Britanya’nın önde gelen gazetelerinden The Guardian’ın deneyimli yazarı Simon Tisdall, ABD’yle Türkiye arasındaki İncirlik anlaşmasının ‘oyunun kurallarını değiştiren‘ bir mutabakattan fazlası olduğunu yazdı. Tisdall, Erdoğan’ın artık zayıflayan bir figür olduğunu belirterek Suruç katliamının IŞİD’le mücadelede bir kırılma noktası olduğuna işaret etti.
Ankara’nın henüz net bir açıklama yapmamasına rağmen Amerikalı yetkililere göre Türkiye’yle ABD, Amerikan uçaklarının İncirlik Üssü’nü kullanarak IŞİD’e karşı hava operasyonları düzenlemesi için anlaşmaya vardı.

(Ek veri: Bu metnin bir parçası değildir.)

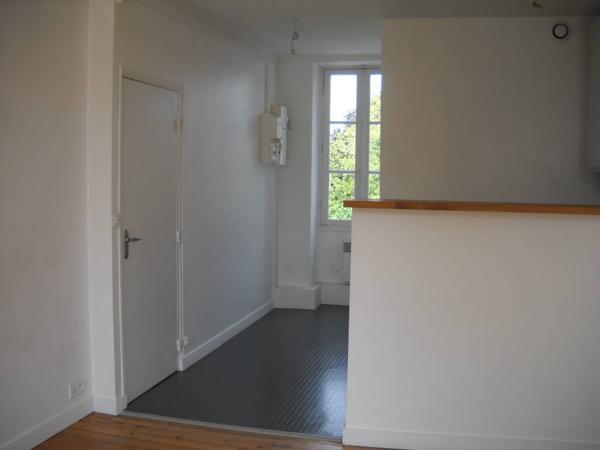 Appartement 1 pièce                                        - 44000 Nantes Réf : 10718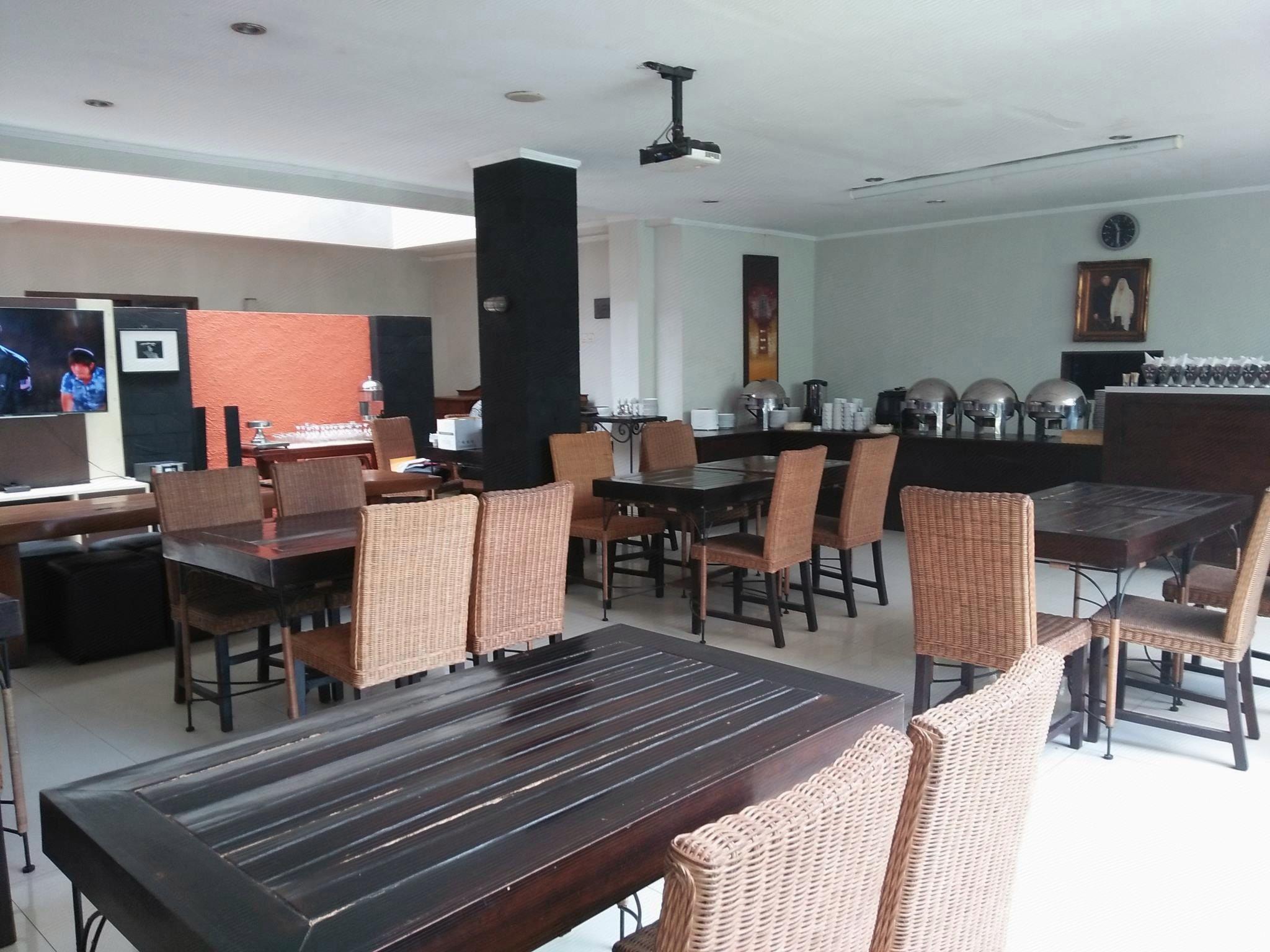 Hotel Emaki Jatinangor 21/31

Diken.com.tr'nin haberine göre, ancak Simon Tisdall’a göre bu anlaşma sadece İncirlik Üssü’yle sınırılı kalmayacak: “Anlaşma Türkiye’deki hükümet raporlarına göre koalisyon uçaklarının ‘acil’ durumlarda Batman, Diyarbakır ve Malatya gibi kentlerdeki üslerin ve Türkiye hava sahasını kullanmasını da öngörüyor.”

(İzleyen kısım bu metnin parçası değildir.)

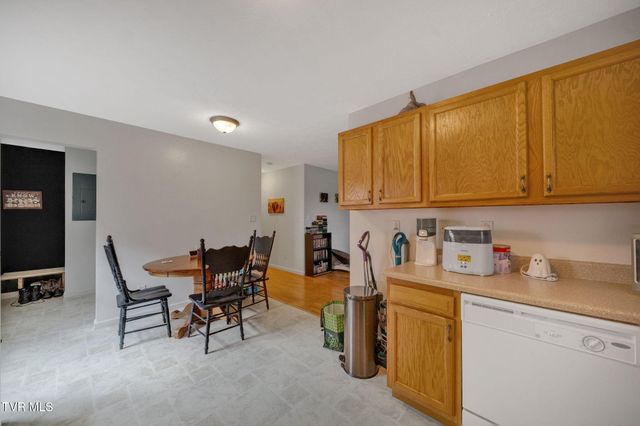 375 South Sky, Kingsport, TN 37660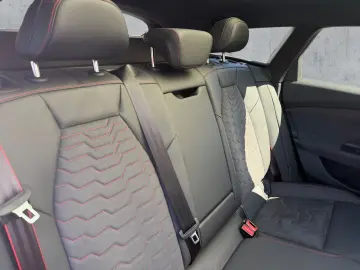 AUDI A6 Avant e-tron QU S-LINE MATRIX HuD B&O AIR AHK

ABD Başkanı Barack Obama’yla Cumhurbaşkanı Tayyip Erdoğan’ın telefon görüşmesinde Türkiye’nin ısrarcı olduğu Suriye sınırındaki ‘uçuşa yasak bölge ve tampon bölge‘ konularının da gündeme geldiğini ifade eden Tisdall, “Türk tarafındaki haberlere göre resmi bir açıklama yapılmamasına rağmen ABD bu istekleri sessizce kabul etti” diye yazdı.
ABD görmezden gelecek
‘Uçuşa yasak bölge‘ anlaşmasıyla Suriye rejiminin sınır ihlali yapan uçaklarının Türkiye tarafından vurulabileceğine işaret eden Tisdall, ayrıca gelecekte Türkiye’nin başta PYD olmak üzere Suriyeli Kürtlere yönelik olası bir operasyonunun da ABD tarafından ‘görmezden gelineceğini‘ savundu.

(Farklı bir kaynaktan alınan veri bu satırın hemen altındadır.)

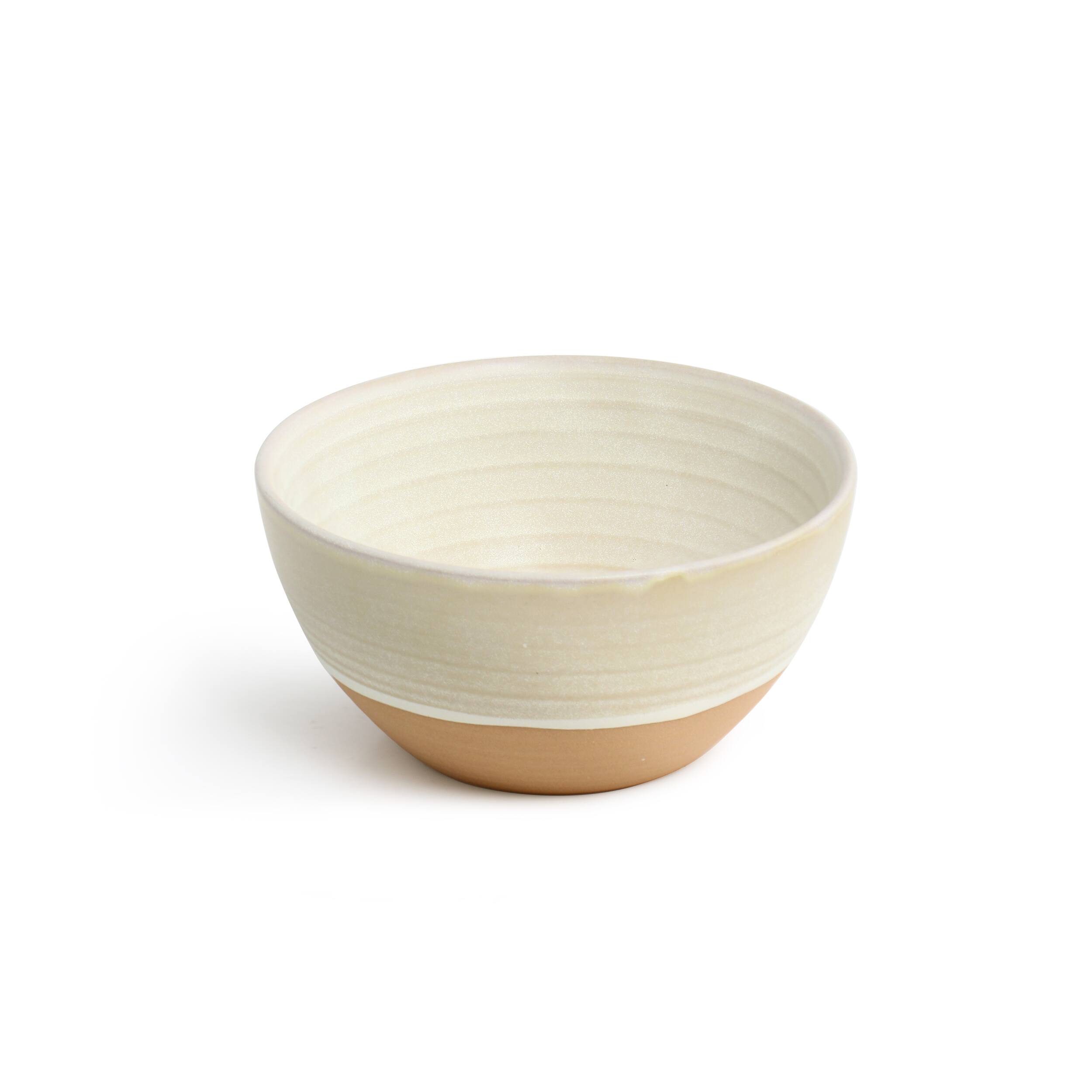 Alt View 4. Gibson - Gibson Elite 12 Piece Dreamweaver Round Earthenware Dinnerware Set in Matte White - Matte White.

Deneyimli analist, tüm bunlara ek olarak Türkiye’nin Suriye sınırında ekstra önlemler alacağını ve Batı Şeria duvarı gibi bir set çekme hazırlığında olduğunu belirtti. Yazıda bu sayede özellikle Avrupa’dan gelen yabancı savaşçıların IŞİD’e katılmasına engel olmak için tedbirlerin artırıldığı vurgulandı.
Erdoğan buna mecbur kaldı
Öte yandan Tisdall, Obama’nın Erdoğan’ı aramak için zamanlamasını çok iyi seçtiğini de belirtti, “Geçen pazartesi IŞİD’in inthar bombacısı Suriye sınırındaki Suruç’ta saldırdı. Bunun üzerine IŞİD’e verilmesi gereken cevap konusunda Erdoğan’ın üzerindeki baskı arttı” yorumunu yapan Tisdall, Erdoğan’ın Musul’daki rehine krizinden bu yana Kürtler üzerinde yoğunlaştığını, Kobani’ye yardım etmeyi reddettiğini ve yabancı savaşçıların Türkiye sınırından IŞİD’e katılmasına engel olmadığını vurguladı.
Bu süreçte Erdoğan’ın otoriter ve neo-İslamcı liderlik tarzı, insan hakları ve basın özgürlüğüne saldırıları ve ABD’nin müttefiki İsrail’e karşı düşmanca tavrı nedeniyle Türkiye’nin yardım taleplerinin Washington tarafından hoş karşılanmadığını da ifade eden Tisdall, “Ancak seçimlerde başkanlık girişiminin halk tarafından geri püskürtülmesinin ardından Erdoğan bugünlerde zayıflayan bir figür” yorumunu yaptı.
Suruç kırılma noktası oldu
“Erdoğan’ın telafi etmesi gereken birçok şey vardı” diyen Simon Tisdall, “Suruç’un bombalanması radikal bir şekilde yeniden düşünülmesi gerektiğini ortaya koydu. Erdoğan ne yapacağı konusunda düşünürken Obama’nın telefonunun zamanlaması mükemmeldi” ifadelerini kullandı.